Day 19 was entirely a studio day. I sculpted with QCC on the door, which I'd finished preparing a few days earlier after finally getting Leo to fix the bottom of it, getting Kinga to loan me her scrapers, and after spending a long, hot afternoon myself scraping all the old paint off the door.
Day 20 was also committed to artwork.
Day 21 I mostly worked in my studio, but in the evening we took a quick trip over to the neighboring town of Saron-sur-Aube where we'd be participating in the Art & Jardins 2016 festival exhibition and sale. We got to see some of the sites some other artists would be exhibiting in, and then got to visit the house we were displaying in so we could discuss who wanted what space and how we planned to exhibit. I brought quite a large stack of my greeting cards with me since I knew I'd be participating in this, so hopefully they sell well!
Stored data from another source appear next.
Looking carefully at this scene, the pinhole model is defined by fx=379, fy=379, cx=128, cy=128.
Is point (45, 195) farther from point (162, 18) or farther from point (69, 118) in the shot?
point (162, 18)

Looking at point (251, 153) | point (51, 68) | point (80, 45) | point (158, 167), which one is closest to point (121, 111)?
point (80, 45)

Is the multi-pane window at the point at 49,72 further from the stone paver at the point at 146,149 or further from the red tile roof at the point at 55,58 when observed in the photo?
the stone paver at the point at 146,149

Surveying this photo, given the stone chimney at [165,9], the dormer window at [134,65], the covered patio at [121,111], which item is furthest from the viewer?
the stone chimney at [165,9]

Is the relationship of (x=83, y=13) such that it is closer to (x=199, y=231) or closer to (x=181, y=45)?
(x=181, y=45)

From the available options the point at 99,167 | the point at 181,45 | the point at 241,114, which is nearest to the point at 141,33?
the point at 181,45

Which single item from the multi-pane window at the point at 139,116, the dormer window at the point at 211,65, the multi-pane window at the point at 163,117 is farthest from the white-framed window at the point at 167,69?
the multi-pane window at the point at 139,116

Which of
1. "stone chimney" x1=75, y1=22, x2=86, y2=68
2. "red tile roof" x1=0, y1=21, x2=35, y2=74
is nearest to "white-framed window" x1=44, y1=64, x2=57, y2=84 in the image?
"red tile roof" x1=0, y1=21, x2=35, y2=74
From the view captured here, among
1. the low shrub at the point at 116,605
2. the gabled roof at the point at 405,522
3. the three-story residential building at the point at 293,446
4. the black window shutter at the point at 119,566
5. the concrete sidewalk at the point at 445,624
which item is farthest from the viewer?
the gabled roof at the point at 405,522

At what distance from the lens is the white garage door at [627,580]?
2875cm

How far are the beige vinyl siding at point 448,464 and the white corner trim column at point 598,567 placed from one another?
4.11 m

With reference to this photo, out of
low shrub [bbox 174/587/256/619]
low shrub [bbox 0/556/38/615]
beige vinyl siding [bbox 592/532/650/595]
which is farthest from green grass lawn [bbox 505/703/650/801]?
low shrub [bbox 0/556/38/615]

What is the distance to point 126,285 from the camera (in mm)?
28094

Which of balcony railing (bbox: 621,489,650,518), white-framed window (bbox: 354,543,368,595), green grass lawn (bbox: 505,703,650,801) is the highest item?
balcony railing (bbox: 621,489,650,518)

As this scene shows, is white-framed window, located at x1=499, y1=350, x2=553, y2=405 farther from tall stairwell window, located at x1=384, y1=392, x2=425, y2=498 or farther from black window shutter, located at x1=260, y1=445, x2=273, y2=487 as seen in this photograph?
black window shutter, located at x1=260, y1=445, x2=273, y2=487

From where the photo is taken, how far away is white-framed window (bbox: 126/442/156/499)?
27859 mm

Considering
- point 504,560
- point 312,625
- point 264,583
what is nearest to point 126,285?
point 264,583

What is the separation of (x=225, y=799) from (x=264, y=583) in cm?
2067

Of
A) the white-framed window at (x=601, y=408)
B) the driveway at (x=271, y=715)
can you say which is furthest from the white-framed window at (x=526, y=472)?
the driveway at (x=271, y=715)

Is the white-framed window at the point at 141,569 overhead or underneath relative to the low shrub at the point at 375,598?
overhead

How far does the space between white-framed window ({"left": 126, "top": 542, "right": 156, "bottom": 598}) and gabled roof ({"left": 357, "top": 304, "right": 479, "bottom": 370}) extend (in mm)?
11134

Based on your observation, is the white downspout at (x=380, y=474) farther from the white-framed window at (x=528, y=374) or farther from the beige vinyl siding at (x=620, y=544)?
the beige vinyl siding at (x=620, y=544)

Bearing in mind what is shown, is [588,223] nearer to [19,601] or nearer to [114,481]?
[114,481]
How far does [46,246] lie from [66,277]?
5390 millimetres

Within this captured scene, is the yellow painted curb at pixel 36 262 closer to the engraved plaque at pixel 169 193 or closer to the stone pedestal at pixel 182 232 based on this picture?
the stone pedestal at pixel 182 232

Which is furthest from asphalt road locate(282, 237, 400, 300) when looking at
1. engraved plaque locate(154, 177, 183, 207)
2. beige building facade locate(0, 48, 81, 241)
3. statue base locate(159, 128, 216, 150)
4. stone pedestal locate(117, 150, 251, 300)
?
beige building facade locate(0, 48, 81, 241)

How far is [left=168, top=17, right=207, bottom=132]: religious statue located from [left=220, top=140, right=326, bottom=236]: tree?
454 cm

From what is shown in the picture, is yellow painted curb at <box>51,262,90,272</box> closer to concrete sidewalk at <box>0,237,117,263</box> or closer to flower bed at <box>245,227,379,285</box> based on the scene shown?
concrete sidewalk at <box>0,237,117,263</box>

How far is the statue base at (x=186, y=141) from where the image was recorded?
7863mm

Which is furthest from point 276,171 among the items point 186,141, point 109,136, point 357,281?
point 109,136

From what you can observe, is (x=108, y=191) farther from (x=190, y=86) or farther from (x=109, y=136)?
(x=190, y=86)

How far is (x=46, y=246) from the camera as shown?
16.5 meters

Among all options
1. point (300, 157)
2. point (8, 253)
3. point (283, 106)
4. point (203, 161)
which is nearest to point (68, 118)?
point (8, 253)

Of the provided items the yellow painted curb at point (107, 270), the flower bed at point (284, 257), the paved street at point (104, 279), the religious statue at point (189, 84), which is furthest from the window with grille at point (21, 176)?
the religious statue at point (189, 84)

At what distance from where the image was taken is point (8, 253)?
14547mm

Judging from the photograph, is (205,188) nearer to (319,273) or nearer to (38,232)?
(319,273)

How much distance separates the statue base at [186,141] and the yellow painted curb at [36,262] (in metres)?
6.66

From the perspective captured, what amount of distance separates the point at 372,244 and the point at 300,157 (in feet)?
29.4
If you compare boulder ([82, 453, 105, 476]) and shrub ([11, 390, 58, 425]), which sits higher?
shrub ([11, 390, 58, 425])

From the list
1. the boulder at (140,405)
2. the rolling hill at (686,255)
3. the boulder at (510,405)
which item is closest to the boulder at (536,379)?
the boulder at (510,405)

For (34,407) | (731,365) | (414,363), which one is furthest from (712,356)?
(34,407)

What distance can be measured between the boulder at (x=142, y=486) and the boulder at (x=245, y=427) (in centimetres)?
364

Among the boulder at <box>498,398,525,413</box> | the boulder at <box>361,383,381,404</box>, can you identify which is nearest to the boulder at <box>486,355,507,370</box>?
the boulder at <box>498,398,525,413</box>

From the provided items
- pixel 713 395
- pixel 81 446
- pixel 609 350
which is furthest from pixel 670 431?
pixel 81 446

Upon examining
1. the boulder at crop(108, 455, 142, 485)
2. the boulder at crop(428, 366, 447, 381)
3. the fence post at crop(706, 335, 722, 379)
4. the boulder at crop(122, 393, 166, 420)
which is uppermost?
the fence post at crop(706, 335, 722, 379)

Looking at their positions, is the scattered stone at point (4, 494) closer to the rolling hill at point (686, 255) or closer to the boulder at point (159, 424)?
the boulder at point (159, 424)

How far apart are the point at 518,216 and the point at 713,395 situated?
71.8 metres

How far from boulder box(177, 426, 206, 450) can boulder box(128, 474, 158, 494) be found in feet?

Day 22 was another studio day.
Day 23 was primarily another studio day, but at 8pm we all went over to Mathilde's house for apéritifs and entrées (the latter of which, in French, means appetizer and not the main course) with many of the core group of friends (Erica, Guillon, Abril, Leo, Kinga, Patricia) and some new faces as well. It was a lot of fun, and I learned I like prosecco!
Here's my fourth piece! It's titled Floating and is 3P Quick Cure Clay and acrylic on a 16x12" birch panel. The whole thing is super shiny because I used a gloss varnish to seal and protect it, but I managed to get some images that aren't quite so glare-filled. I also ended up gloss varnishing The Slightest Disturbance as well.